For Employer/Carriers and Claimants, the point of disability called “statutory maximum medical improvement” was always a confusing moment.   Under section 440.15, a Claimant is deemed to be at maximum medical improvement (MMI) after a period of 104 weeks of temporary benefits (TTD or TPD) has been paid by the E/C. 

The problem for both sides was that Claimant often was not really at MMI from the point of view of his doctors.  Two years is a long time to be off work or on restricted work status, so a Claimant who exhausts the entire 104 weeks likely has severe, multiple injuries.  For many of these severe injuries the healing process to get Claimant at MMI is going to be much longer than that.  But, the statute says that Claimant is no longer entitled to future temporary indemnity benefits after 104 weeks of receiving temporary benefits.  What is a Claimant to do?  She cannot physically work, but she is not receiving any money from the E/C. 

For many, the only choice is to file for permanent total benefits. 

Now this seems contradictory because Claimant could be scheduled for future surgeries.   Her doctors could even testify they expect Claimant back to work after these surgeries.   Her impairments are anything but “permanent.”  This point was argued by many an E/C, but often Judges awarded PTD anyway. 

The First DCA even ruled on this in a case called Emanuel v. David Piercey Plumbing 765 So.2d 761 (Fla. 1st DCA 2000).   In that case, a Claimant, who was at  MMI from a knee injury and later had a total knee replacement, was ultimately returned to work by his surgeon.  The JCC ruled that Claimant could not have been PTD from the period between MMI and his return to work status because the notion defies the term “permanent and total disability.”  The First DCA disagreed and reversed.  At the time Claimant was MMI, he could not work and was therefore PTD, even if he was to undergo a total knee replacement which would eventually restore Claimant’s ability to work.

For many E/C and Claimant attorneys, the interpretation of Emanuel was that a Claimant could be eligible for “temporary” PTD benefits after the 104 weeks runs out.  Today, the First DCA in Florida Transport v.
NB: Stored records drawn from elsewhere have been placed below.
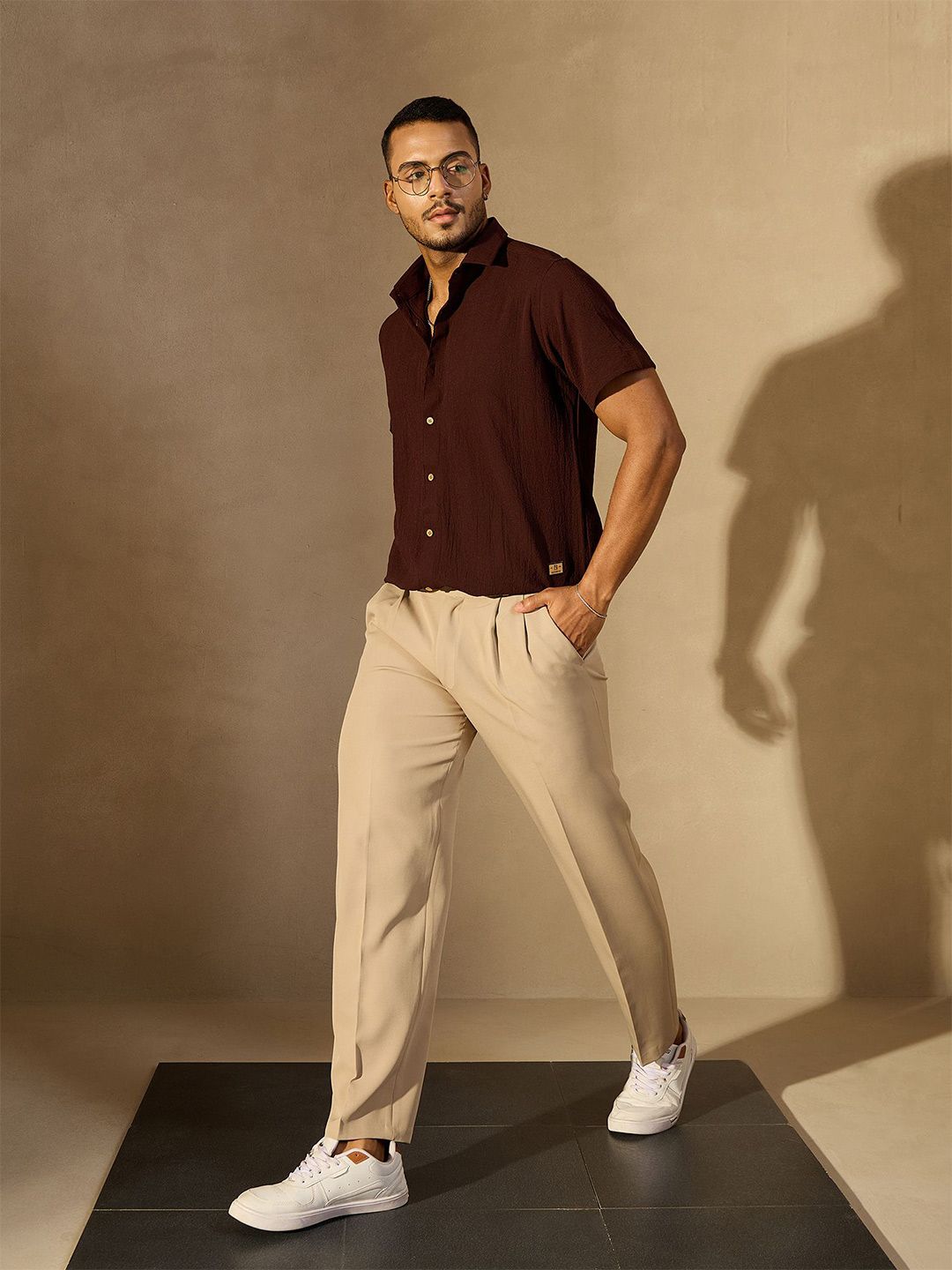 DENNISON Men Solid Spread Collar Oversized Smart Casual Shirt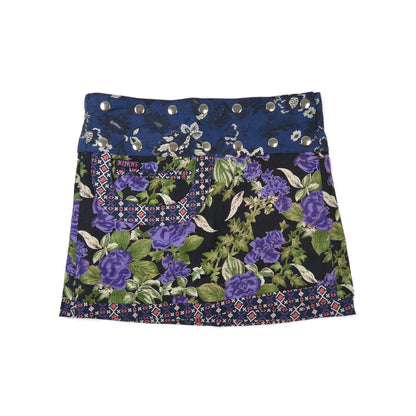 Sommerrock Baumwolle, Violett mit Blumenmuster und Tasche. Tragbar von zwei Seiten. Umfang ist einstellbar mit einer doppelten Druckknopfleiste.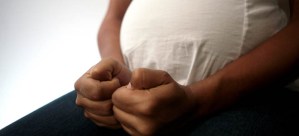 Detienen a dos falsas embarazadas con drogas
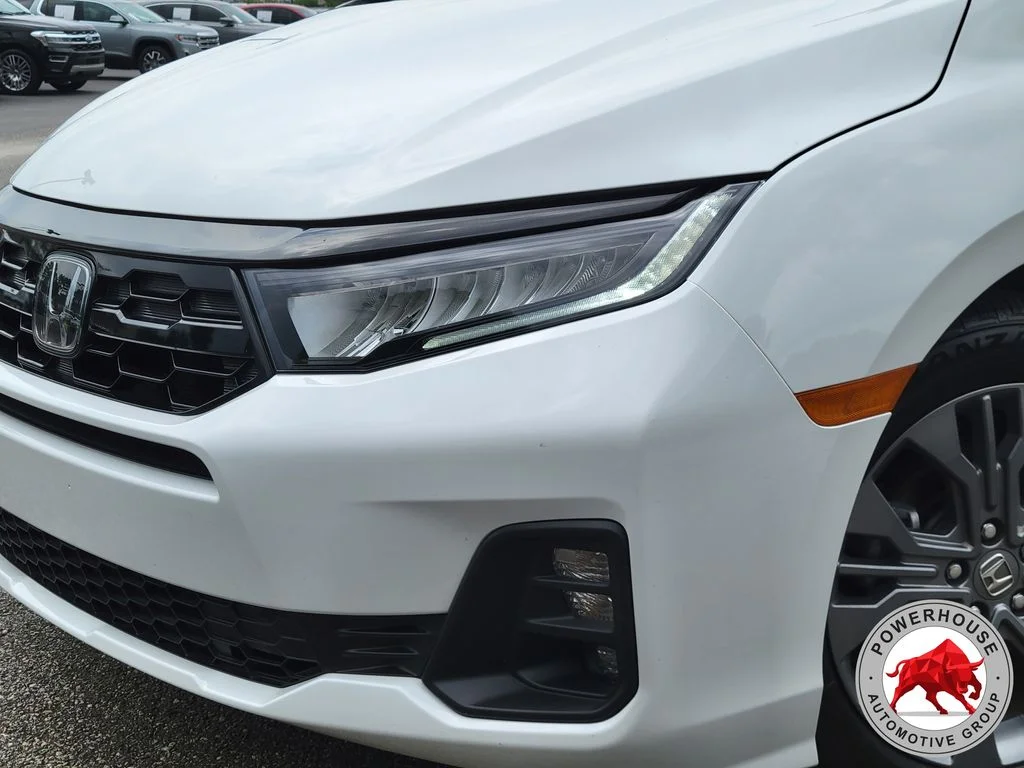 Used 2025 White Honda Touring image 10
Quintana writes that the Emanuel decision does not stand for the award of “temporary” PTD benefits.   And, I think its about time the First DCA set the record straight.

In my opinion, there is no such thing as “temporary” PTD.  Its like being just a “little bit pregnant.”  A Claimant either is or isn’t PTD.  If the 104 weeks runs out, the E/C has a decision to make: either voluntary pick up Claimant as PTD and begin payments (with supplemental benefits) or stop temporary benefits and challenge Claimant that she is PTD. 

If a Claimant used up her 104 weeks and another surgery or extensive treatment is on the horizon, it is wise to pick Claimant up as PTD.  This can be done voluntarily, and once Claimant improves, the E/C can suspend benefits.  The goal would then be to make all means necessary to get Claimant whole again and back to work; which is the goal of the W/C statute, is it not?

If an E/C challenges Claimant that she is PTD, a Judge could rule against E/C and the only way to suspend benefits then would be to request the Court for a modification of the Judge’s order, which can be done but costs extensive time and money and the odds are long on success. 

In Quintana, the Claimant was statutory MMI but put on out of work status by his psychiatrist.  The First DCA treated the claim like a regulary PTD claim and found there was not enough competent, substantial, evidence with just the psychiatrist testimony alone to justify an award of PTD. 

I think with this decision, the clarification of Emanuel, and the elimination of “temporary” PTD, both E/C’s and Claimants will resolve the issue of PTD quickly and result in far less litigation than we have now.